Bush was hired by the Oilers the following year, serving as their college scout until 1992 and was then promoted to linebackers coach, heading the position until 1994. From there, Bush was a member of Mike Shanahan’s back-to-back Super Bowl champion Denver Broncos from 1995-2003, serving as the team’s linebacker (’95-’99), secondary (’00), and special teams (’01-’02) coach. He then moved onto Arizona from 2004-2006, serving as the Cardinal’s linebackers coach and assistant head coach his final season; Bush contributed to the development of star linebacker Karlos Dansby while total defense ranked 12th and eighth in 2004 and 2005 respectively.

That stint lead him to Houston from 2007 to 2008 as he served as the Texans’ senior defensive assistant under head coach Gary Kubiak. Before the 2009, season Bush was promoted to defensive coordinator as they set new franchise lows for fewest points allowed per game (20.8) and yards allowed per game (324.9). Under his tutelage, Mario Williams and DeMeco Ryans became Pro Bowlers while Brian Cushing earned Defensive Rookie of the Year honors in 2009. Despite being fired after a porous 2010 season, Bush was hired by the Tennessee Titans as the franchise’s linebackers coach from 2011-2012. He mentored and developed Akeem Ayers and Colin McCarthy, who posted two impressive seasons and served as catalyst for their defensive success.

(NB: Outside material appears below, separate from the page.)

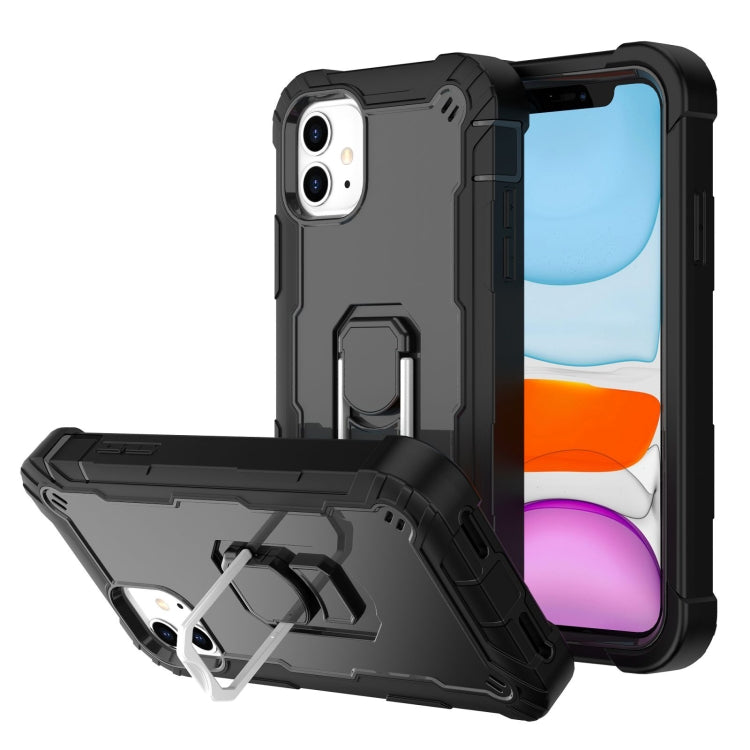 For iPhone 11 PC + Rubber 3-layers Shockproof Protective Case with Rotating Holder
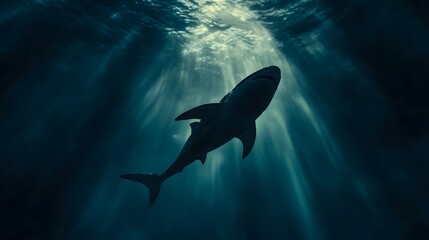 Obraz premium Sleek megalodon glides through deep ocean, embodying power and grace in its streamlined form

2013 was Bush’s first as a Ram coach, heading a young unit (three of the six ‘backers were rookies) who’s leading tackler, Alec Ogletree, was a first year player whose 155 tackles were a team-high and his six forced fumbles were tied for third in the league; James Laurinaitis posted his fifth consecutive, 100-tackle season. The following season, ‘Tree and Laurinaitis went 1-2 in tackles again with 169 and 168 respectively as Olgetree posted four forced fumbles for the NFL’s second most in that two year span. Laurinaitis also recorded 100 tackles for the sixth straight year and post his seventh this past season.

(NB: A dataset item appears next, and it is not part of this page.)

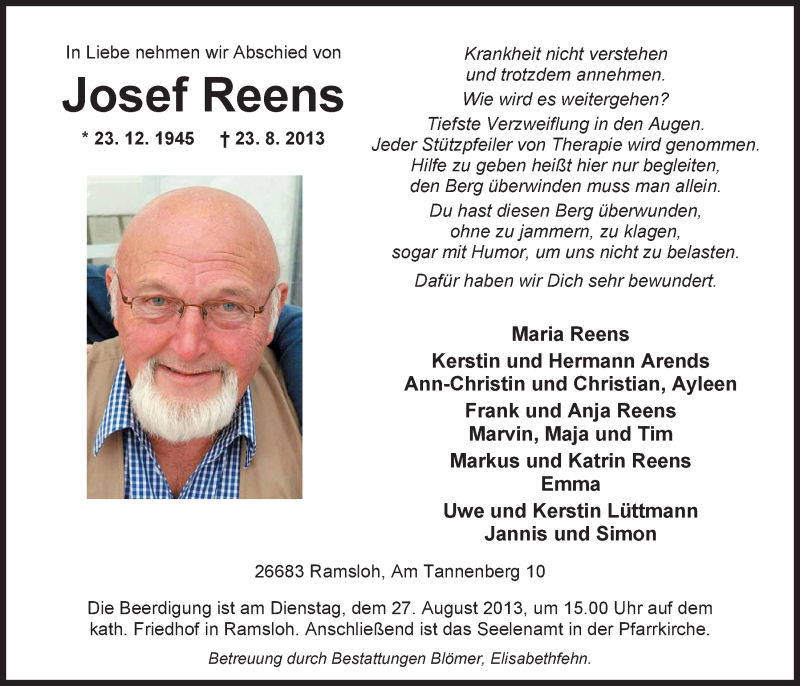  Traueranzeige für Josef Reens vom 26.08.2013 aus Nordwest-Zeitung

Entering his 25th season, Bush brings valued experience to a team with talent at such position. Ogletree has solidified himself as a leader and a playmaker, while Mark Barron’s permanent move to Will and Akeem Ayer’s, who spent time under Bush in Tennessee, improvement is important for the growth of the defense. Bush’s experience will take ‘Tree’s game to the next level as Mike is his more natural position, and a full year at Will should further Barron’s production. His success with younger players will be pivotal to the growth of Josh Forrest and Bryce Hager who may see rotational time as well.